I can’t remember my blog
password. That has been my excuse for
not writing for quite some time. Never
mind the fact that ideas and subjects and thoughts have been racing through my
head, dying to come out. I can’t
remember my blog password. Oh well.
And when it’s been so long since
the last entry, I have struggled with how
on earth can I pack all that in to a unified paragraph or two. I can’t. So I’ll just do what the
professionals suggest. Just start. Somewhere.
Anywhere. Just go.
I’ve been teaching a class at a university.

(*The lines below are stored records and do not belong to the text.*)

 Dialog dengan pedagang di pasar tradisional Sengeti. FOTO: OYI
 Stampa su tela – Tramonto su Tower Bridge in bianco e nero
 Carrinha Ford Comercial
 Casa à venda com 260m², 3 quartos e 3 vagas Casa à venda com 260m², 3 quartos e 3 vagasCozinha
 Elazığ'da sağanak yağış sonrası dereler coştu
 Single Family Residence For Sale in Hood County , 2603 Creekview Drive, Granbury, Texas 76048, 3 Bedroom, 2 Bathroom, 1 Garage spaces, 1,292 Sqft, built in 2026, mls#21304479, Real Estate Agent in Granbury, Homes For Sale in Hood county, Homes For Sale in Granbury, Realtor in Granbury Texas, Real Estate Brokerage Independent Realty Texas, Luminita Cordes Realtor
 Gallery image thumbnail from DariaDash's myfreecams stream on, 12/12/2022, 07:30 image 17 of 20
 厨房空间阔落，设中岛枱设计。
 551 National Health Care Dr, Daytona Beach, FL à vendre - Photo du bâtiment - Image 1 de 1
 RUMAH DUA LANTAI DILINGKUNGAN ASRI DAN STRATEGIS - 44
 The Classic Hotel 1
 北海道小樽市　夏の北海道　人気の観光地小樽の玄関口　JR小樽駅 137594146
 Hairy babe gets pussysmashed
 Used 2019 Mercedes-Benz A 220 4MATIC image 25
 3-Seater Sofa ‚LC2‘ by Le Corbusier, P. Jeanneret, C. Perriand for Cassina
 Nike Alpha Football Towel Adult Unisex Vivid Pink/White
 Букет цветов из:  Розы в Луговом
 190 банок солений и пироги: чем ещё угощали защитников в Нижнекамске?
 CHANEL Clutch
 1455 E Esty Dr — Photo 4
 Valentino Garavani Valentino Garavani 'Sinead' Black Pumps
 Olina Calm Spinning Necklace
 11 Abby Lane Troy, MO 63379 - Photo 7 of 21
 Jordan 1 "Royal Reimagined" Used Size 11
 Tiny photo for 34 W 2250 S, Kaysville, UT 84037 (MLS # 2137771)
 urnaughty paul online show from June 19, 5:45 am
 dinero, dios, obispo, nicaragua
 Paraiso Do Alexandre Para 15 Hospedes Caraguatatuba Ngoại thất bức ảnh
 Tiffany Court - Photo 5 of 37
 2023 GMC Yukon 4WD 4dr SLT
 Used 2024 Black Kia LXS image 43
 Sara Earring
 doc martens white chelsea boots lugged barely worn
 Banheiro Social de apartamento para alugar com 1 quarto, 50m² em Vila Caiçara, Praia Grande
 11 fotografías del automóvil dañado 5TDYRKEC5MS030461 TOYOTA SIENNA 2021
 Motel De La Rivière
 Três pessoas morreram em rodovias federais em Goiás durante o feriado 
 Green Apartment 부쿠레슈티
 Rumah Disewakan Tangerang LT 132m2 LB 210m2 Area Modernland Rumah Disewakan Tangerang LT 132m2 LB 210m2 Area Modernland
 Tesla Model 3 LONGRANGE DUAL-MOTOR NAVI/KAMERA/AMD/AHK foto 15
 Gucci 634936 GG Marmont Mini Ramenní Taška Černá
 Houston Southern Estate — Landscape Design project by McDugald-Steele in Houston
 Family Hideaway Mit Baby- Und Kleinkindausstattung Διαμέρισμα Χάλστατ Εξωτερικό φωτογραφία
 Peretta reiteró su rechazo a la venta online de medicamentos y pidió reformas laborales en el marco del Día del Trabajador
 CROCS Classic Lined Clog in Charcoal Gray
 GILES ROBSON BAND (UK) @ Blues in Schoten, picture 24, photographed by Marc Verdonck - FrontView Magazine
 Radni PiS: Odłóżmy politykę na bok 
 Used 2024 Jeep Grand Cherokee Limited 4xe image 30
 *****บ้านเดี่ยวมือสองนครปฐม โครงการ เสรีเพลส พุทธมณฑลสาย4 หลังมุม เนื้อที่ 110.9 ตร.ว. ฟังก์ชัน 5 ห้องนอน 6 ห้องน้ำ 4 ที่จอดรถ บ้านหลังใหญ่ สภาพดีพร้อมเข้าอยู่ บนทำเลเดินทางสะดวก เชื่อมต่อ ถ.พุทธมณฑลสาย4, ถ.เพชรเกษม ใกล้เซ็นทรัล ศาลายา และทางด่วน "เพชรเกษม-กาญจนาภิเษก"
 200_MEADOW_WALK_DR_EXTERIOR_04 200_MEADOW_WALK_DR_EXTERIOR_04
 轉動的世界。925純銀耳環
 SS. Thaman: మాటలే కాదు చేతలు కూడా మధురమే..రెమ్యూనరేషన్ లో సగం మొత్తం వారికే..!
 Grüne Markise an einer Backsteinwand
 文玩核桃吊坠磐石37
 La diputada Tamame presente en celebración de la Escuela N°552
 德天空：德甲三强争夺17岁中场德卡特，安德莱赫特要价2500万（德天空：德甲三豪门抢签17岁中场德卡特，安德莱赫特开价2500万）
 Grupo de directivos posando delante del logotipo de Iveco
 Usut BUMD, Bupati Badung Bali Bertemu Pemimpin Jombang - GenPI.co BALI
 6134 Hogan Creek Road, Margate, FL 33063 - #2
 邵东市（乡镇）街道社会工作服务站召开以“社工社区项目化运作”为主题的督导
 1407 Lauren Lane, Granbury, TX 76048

It’s my first time at a giant four-year public school. The campus is constantly buzzing with
activity. (Unless it’s raining.) Fraternity pledging. Sorority bake sales. Weekend by The Hills blaring from some
microscopic iPod (boom boxes are long gone). Existentialism –Paris in the
Spring sign-ups. Skaters. Cyclists. I even saw a kid on a unicycle. And this
probably goes without mentioning, but everyone, everyone is looking at their
phone.
I suppose it should be exciting to
be in an objective place of observation.
After all, I am not a student. I
am not a full of wonder Freshman. I am
not a twenty year old who has settled into life on a college campus. I am a 42
year old mother of three who has a couple of decades between herself and her own
four-year university experience.
But it’s a strange phenomenon that
is happening this semester, every time I walk across campus to my classroom. At
first, I even dared to consider that what I was flooded with was a James
Taylor-esque sweet nostalgia for my collegiate days of yore. But I know.
Even when I was at my own giant four-year public school I was never any
of those things. Not really. Sweet, I do
not recollect. It’s a sensation I have never been able to name. Certainly
couldn’t name it as a twenty year old.
Lonely would imply that it was almost fixable; that I just needed
friends around me. Melancholy is far too
The Smiths and nearly romantic. Empty makes it sound I felt nothing at all
during those days. But I felt a
lot. I was not numb.
I still can’t name it.
I’ve even tried to ignore the
feeling over the last month or so.
Blamed it on being busy. Pegged it
for being overwhelmed by teaching, and three kids, and a new dog, and wanting
to sleep, and wanting to breathe for just a second before I get asked one more
question, or get slammed by one more demand outside of myself. Those discomforts are very real, but that’s
not it. That’s not the cloud that is
hovering over me; haunting me.
It’s an ache. It’s an ache that I feel for that girl. That twenty year old girl who hurt so much from
something that had no name.
And it comes in flashes.
Winter. Junior year. It was exam week and you’re sick. Not with the flu or strep or even a bad, bad
cold. It’s the kind of sick that happens
when you haven’t slept in a while. Like
really slept. Skunk beer comatose doesn’t
count. It’s the kind of sick that happens when you’ve smoked too much and it’s
been cold and raining and you refuse to take the bus that stops outside your
apartment and dumps you off at campus. You
can’t get on that bus because you’re afraid. Of what? The bus might move before
you sit down and you’ll fall down. You
might forget where to get off the bus and you will be on the bus for the rest
of your life, not knowing when or how to get off. You don’t ever take that
bus. So you walk. Two miles to
campus. And now you’re there. And it’s raining. And it’s cold. And you’re sick. And you have one more exam. For which class? Not really sure. But you can’t muster the energy to walk that
two miles back home. In the rain and the cold.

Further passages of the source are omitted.